Dimenticate l’emergere degli elettrodomestici tanto presente nell’immaginario della casa americana del dopo-guerra perché la scuola milanese guarda più al Nord Europa, per eleganza formale e il calore dei materiali; la casa non è macchina e il cuore dell’abitazione è sempre più il soggiorno che comincia a inglobare le cucine e a mangiare metri quadri al resto dell’abitazione. Il mondo intimo delle camere da letto e dei bagni si dissolve e non è quasi documentato, seguendo quel senso di discrezione borghese che separa rigidamente la parte pubblica da quella privata della casa.

Mentre la relazione con l’arte si fa sempre più pervasiva e potente nei risultati formali grazie a una fusione tra opere, disegno dello spazio e colori che punta a un’astrazione che dissolve ogni esigenza apparentemente funzionale in nome di una definizione di forme e ritualità connesse che ben descrive il mondo alto borghese milanese di questo periodo aureo dell’economia della città. Gli interni di Viganò, Sottsass e delle giovani Gae Aulenti e Nanda Vigo si fanno sempre più estremi, quasi allestimenti temporanei per abitazioni private in cui sperimentare modi di vita metropolitani e globalizzati. La Zero House, la Casa Nera e la Casa Blu della Vigo, come la casa per collezionista di Gae Aulenti, la casa per se stesso di Ugo La Pietra, la casa per scapolo di Cini Boeri e i primi interni disegnati da Joe Colombo stabiliscono uno scarto culturale e generazionale radicale che esplode tra gli anni Sessanta e Settanta in cui la casa stessa si fa opera d’arte e il progetto riflette in maniera critica sui modi dell’abitare il modello di abitazione che non era mai cambiato nella tipologia borghese dalla metà dell’Ottocento.

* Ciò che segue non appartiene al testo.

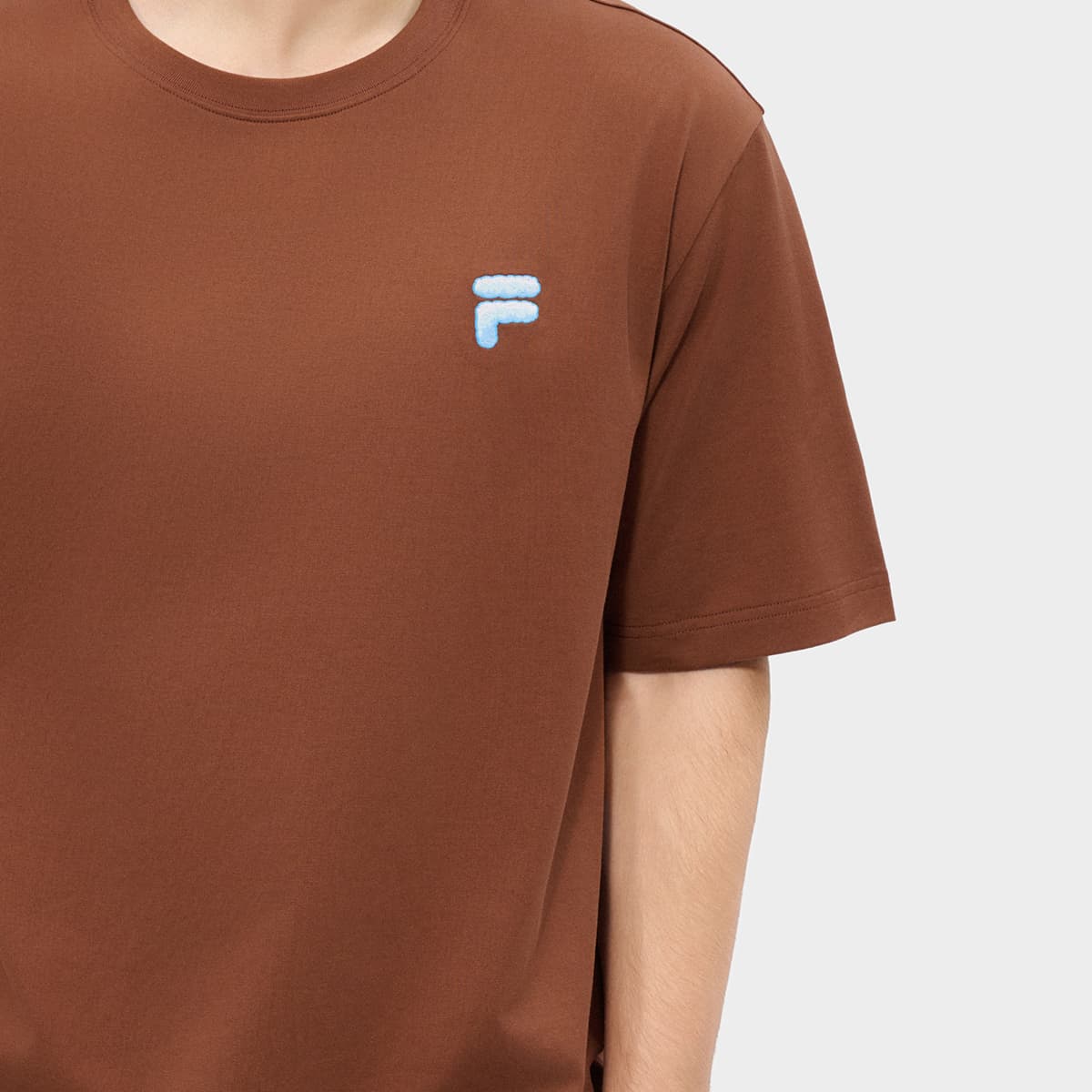 Футболка FILA FUSION FOB T Рубашка Унисекс Енот Коричневый - изображение 7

La casa continua a essere lo specchio attraverso cui leggere una classe sociale, le sue ossessioni, i gusti e i riti e questa pubblicazione ha il potere di accompagnarci in un tunnel coerente in cui tutto questo si esemplifica attraverso le immagini e la selezione dei progetti, come se la città reale, quella fatta di palazzi, strade e piazze non sia mai esistita, definendo un curioso corto-circuito tra quello che vive dentro le case e il mondo che scorre al di fuori di essere. È il mondo della borghesia, che con gli anni Ottanta entra progressivamente in crisi così come l’idea stessa di privacy dileguando la capacità seducente e sottilmente ambigua di un mondo d’interni capaci di essere immaginati come laboratori in cui trasfigurare l’idea di modernità portando la sua essenza alle estreme conseguenze.

La scena attuale, purtroppo, non sembra offrirci questa eleganza sottile in nome di un appiattimento globalizzato da rivista di life-style che ha annullato i luoghi e che rappresenta una borghesia evanescente in forte crisi d’identità. Ma questo riguarda un prossimo, eventuale, volume che ci piacerebbe leggere in futuro.